■ Description of the task
Copying exactly, give the lines in the material below from the one with "Vintage pagoda-style black metal shelves" to the one with "Lion Bubble Lawn", ends included, and nothing besides.

■ Source data
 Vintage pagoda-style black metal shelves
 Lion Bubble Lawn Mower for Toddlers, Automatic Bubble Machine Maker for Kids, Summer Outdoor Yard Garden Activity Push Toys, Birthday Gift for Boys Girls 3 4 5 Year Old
==
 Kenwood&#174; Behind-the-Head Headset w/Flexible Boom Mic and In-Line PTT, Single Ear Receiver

■ Task response
 Vintage pagoda-style black metal shelves
 Lion Bubble Lawn Mower for Toddlers, Automatic Bubble Machine Maker for Kids, Summer Outdoor Yard Garden Activity Push Toys, Birthday Gift for Boys Girls 3 4 5 Year Old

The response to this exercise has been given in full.